I'm trying to implement a convolutional neural network in Python. Originally, I was using scipy.signal's convolve2d function to do the convolution, but it has a lot of overhead, and it would be faster to just implement my own algorithm in C and call it from python, since I know what my input looks like.
I've implemented 2 functions:
- Convolving a matrix with a non-separable kernel
- Convolving a matrix with a separable kernel (For now I've assumed python does the rank checking and splitting before passing it onto C)
Neither of these functions has padding since I require dimensionality reduction.

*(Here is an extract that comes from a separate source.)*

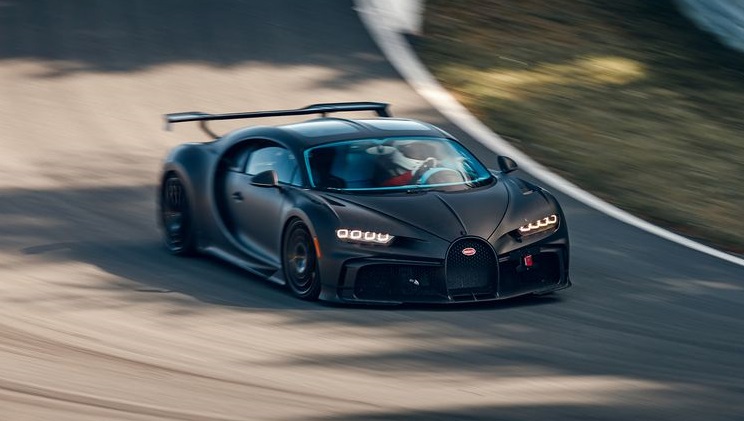 Bugatti Chiron Pur Sport in actie op Bilster Berg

Non-separable 2D Convolution
// a - 2D matrix (as a 1D array), w - kernel
double* conv2(double* a, double* w, double* result)
{
register double acc;
register int i;
register int j;
register int k1, k2;
register int l1, l2;
register int t1, t2;
for(i = 0; i < RESULT_DIM; i++)
{
t1 = i * RESULT_DIM; // loop invariants
for(j = 0; j < RESULT_DIM; j++)
{
acc = 0.0;
for(k1 = FILTER_DIM - 1, k2 = 0; k1 >= 0; k1--, k2++)
{
t2 = k1 * FILTER_DIM; // loop invariants
for(l1 = FILTER_DIM - 1, l2 = 0; l1 >= 0; l1--, l2++)
{
acc += w[t2 + l1] * a[(i + k2) * IMG_DIM + (j + l2)];
}
}
result[t1 + j] = acc;
}
}
return result;
}
Separable 2D Convolution
// a - 2D matrix, w1, w2 - the separated 1D kernels
double* conv2sep(double* a, double* w1, double* w2, double* result)
{
register double acc;
register int i;
register int j;
register int k1, k2;
register int t;
double* tmp = (double*)malloc(IMG_DIM * RESULT_DIM * sizeof(double));
for(i = 0; i < RESULT_DIM; i++) // convolve with w1
{
t = i * RESULT_DIM;
for(j = 0; j < IMG_DIM; j++)
{
acc = 0.0;
for(k1 = FILTER_DIM - 1, k2 = 0; k1 >= 0; k1--, k2++)
{
acc += w1[k1] * a[k2 * IMG_DIM + t + j];
}
tmp[t + j] = acc;
}
}
for(i = 0; i < RESULT_DIM; i++) // convolve with w2
{
t = i * RESULT_DIM;
for(j = 0; j < RESULT_DIM; j++)
{
acc = 0.0;
for(k1 = FILTER_DIM - 1, k2 = 0; k1 >= 0; k1--, k2++)
{
acc += w2[k1] * tmp[t + (j + k2)];
}
result[t + j] = acc;
}
}
free(tmp);
return result;
}
Compiling with gcc's -O3 flag and testing on a 2.7GHz Intel i7, using a 4000x4000 matrix and 5x5 kernel, I get respectively (avg of 5):
271.21900 ms
127.32000 ms
This is still a considerable improvement over scipy.signal's convolve2d which takes around 2 seconds for the same operation, but I need more speed since I'll be calling this function thousands of times. Changing the data type to float isn't an option at the moment, even though it'd cause a considerable speedup.
Is there a way I can optimise these algorithms further? Can I apply any cache tricks or routines to speed it up?
Any suggestions would be appreciated.